§ **Work task**:
In the material below, find the line containing "EP09-046 z IC" and the line containing "FERMETURE RIRI METAL". Output those two lines and all lines between them exactly, without pictures.

§ **Provided information**:

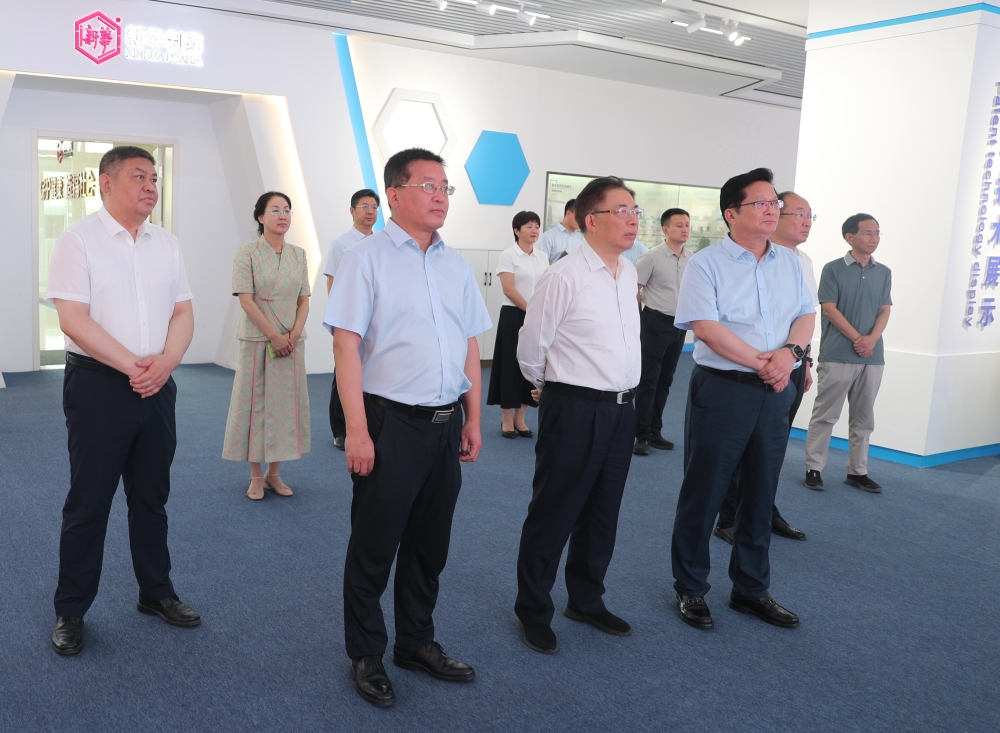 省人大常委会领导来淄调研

==

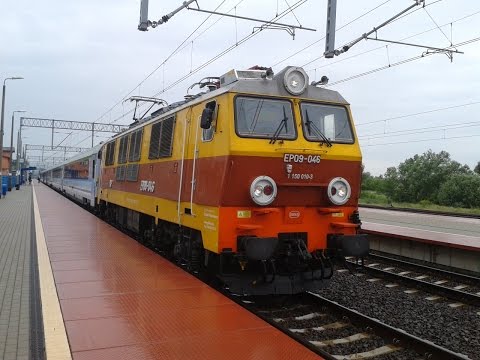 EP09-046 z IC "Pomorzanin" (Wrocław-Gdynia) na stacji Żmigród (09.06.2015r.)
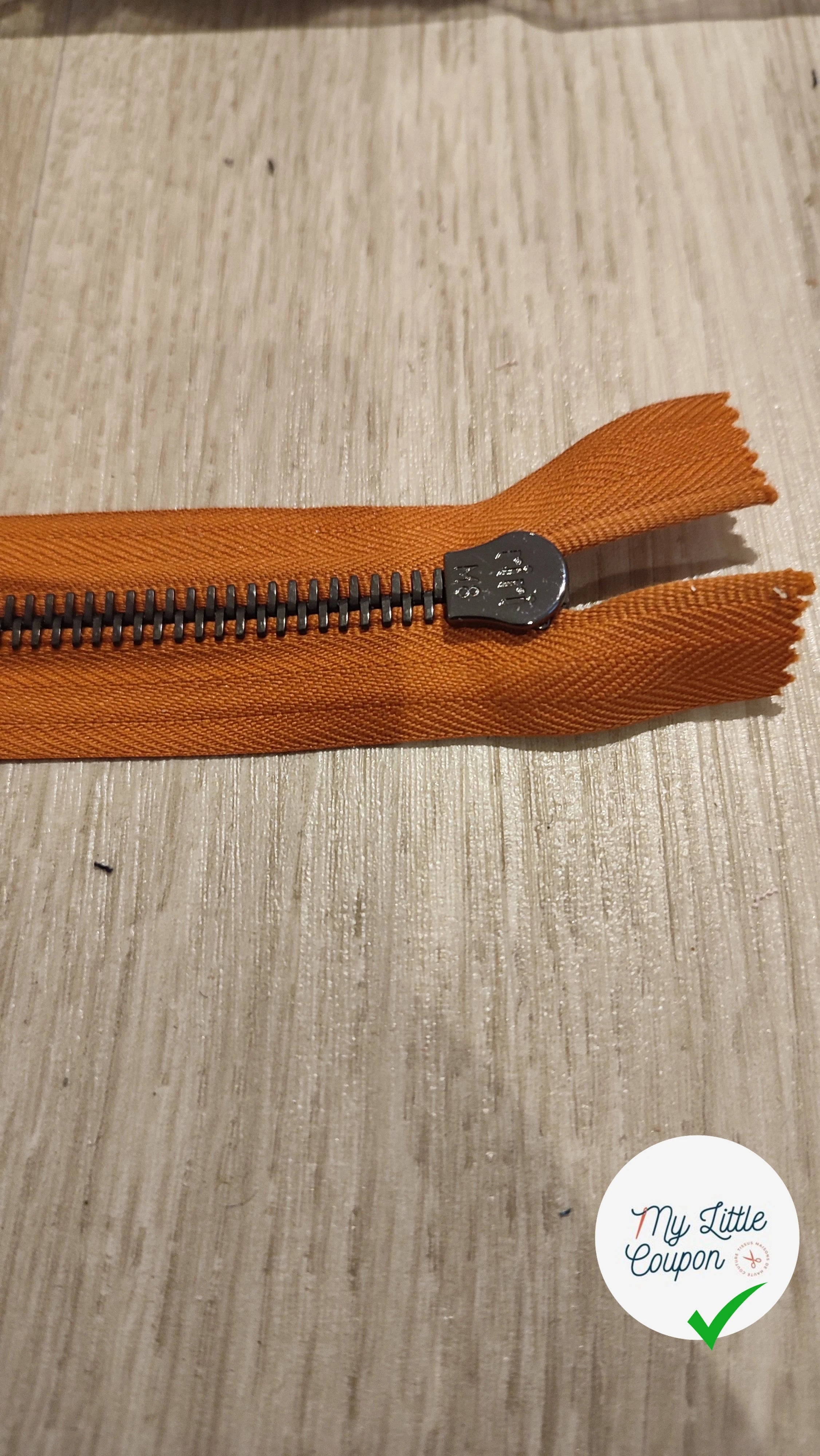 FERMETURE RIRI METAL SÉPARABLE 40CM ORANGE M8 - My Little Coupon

§ **The completed task**:
 EP09-046 z IC "Pomorzanin" (Wrocław-Gdynia) na stacji Żmigród (09.06.2015r.)
 FERMETURE RIRI METAL SÉPARABLE 40CM ORANGE M8 - My Little Coupon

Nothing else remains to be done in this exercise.